Cyrillics, was: Re: Russian orthography (was: ...
|From:||Vasiliy Chernov <bc_@...>|
|Date:||Friday, February 4, 2000, 18:21|
On Mon, 31 Jan 2000 11:48:07 -0500, John Cowan <jcowan@...>
>Odd historical note: Why does U look like Latin "Y", but YU like
>Latin "IO" with a ligature between? Peter the Great. Originally
>the sound /u/ was written OY, as in mediaeval and modern Greek
>(omicron upsilon), and /ju/ was the same with an I ligatured
>in front: I-OY. When Peter reformed the alphabet, he shortened
>I-OY to just I-O, and OY to just Y.
A belated minor correction:
The ligature I-O (without ypsilon) was used long before Peter I. Actually,
I don't remember if I-OY has ever been in use; it *is* mentioned in
the literature, but only hypothetically (AFAIK).
There are more such ligatures. Modern 'JA' is originally I-A; in early
Slavonic manuscripts, there are also I-E, I-E~ (with 'small YUS'), and
I-O~ (with 'big YUS').

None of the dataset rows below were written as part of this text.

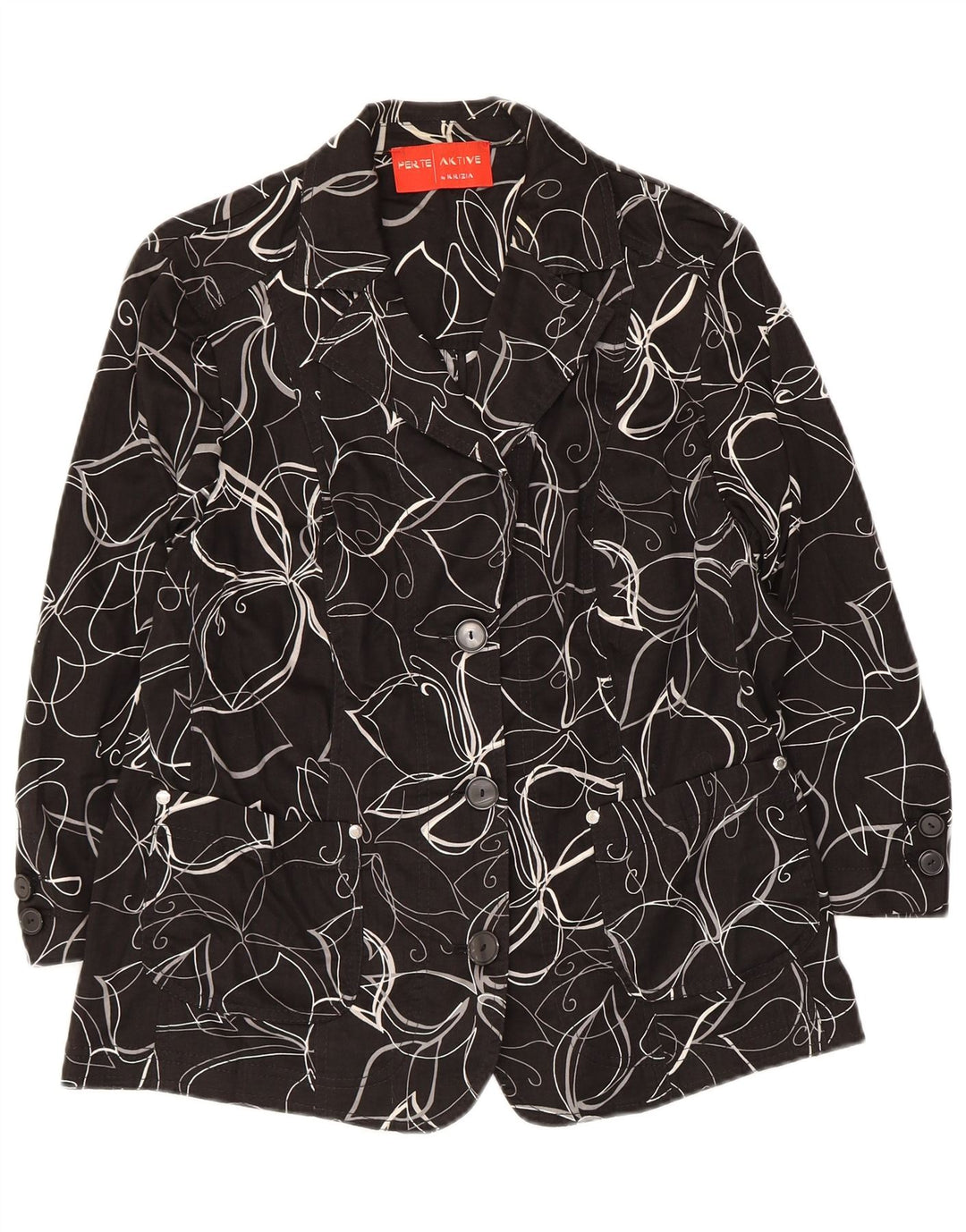 Perte by Krizia Damen 3-Knopf-Blazerjacke UK 12 Mittelschwarz geblümt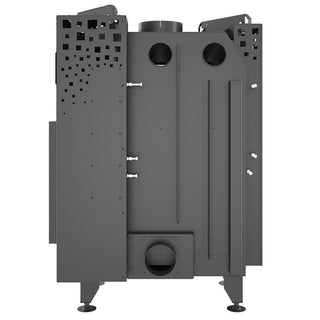 SAVEN ENERGY 75x50x47R BLACK (15,1kW) ECO kampinis židinys su juodu šamotu pakuroje. Plieninė židinio kapsulė kampiniu į viršų pakeliamu stiklu.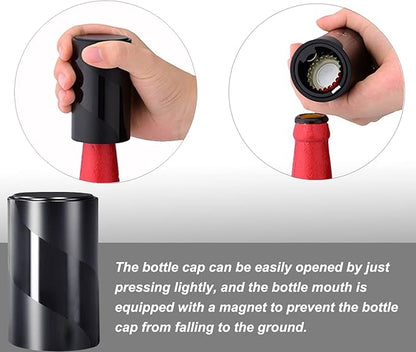 YUDANSI Push Down Bottle Opener, Automatic Beer Bottle Openers, Stainless Steel Instant-no-Cap Mover, Funny Kitchen Gadgets, Beer Bar Accessories Gifts for Him Her, Magnetic Corkscrew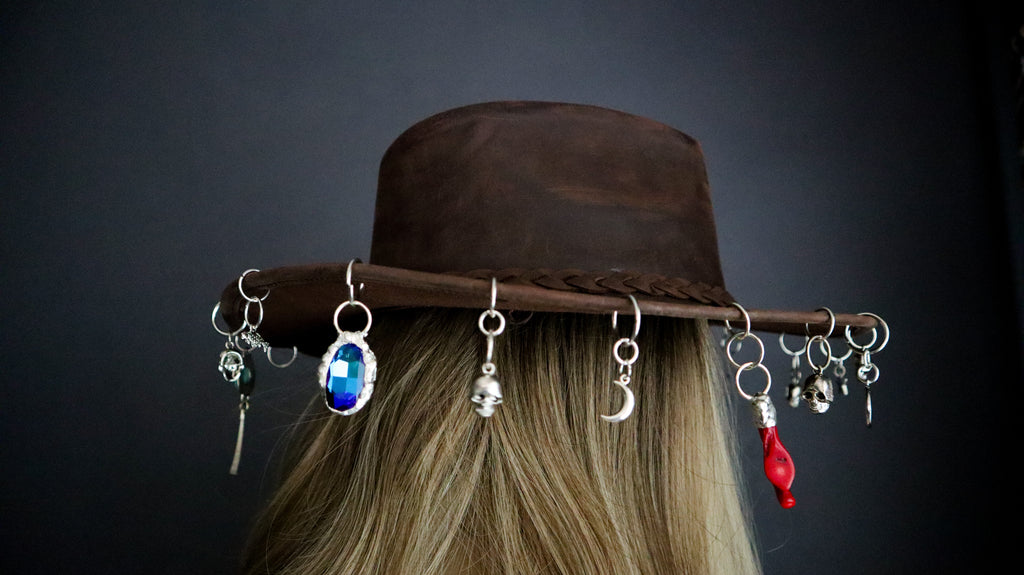 REAL LEATHER COWBOY HAT W/ HAND-SOLDERED CHARMS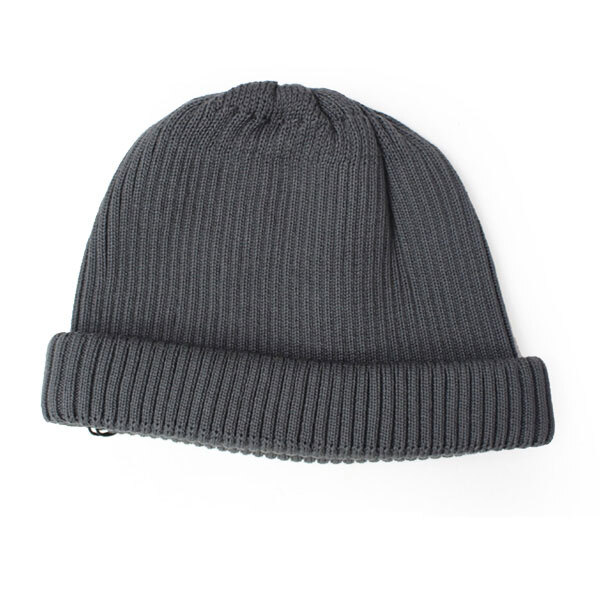 <ダークグレー>ロトト ビーニー ROTOTO コットンロールアップビーニー R5021 ニット帽 帽子 ビーニー拍卖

BTW, 'YERU' - Oh... :( - is a ligature 'hard sign'
+ iota (not 'soft sign', as it may seem because of its modern shape).
Simply 'Y' instead of 'OY' also has a long tradition of use (BTW,
reflected in the popular Russian forms of some names, e. g. _Lukerya_
It seems that Peter picked up what was already in use, selecting such
forms that resembled the Roman letters most.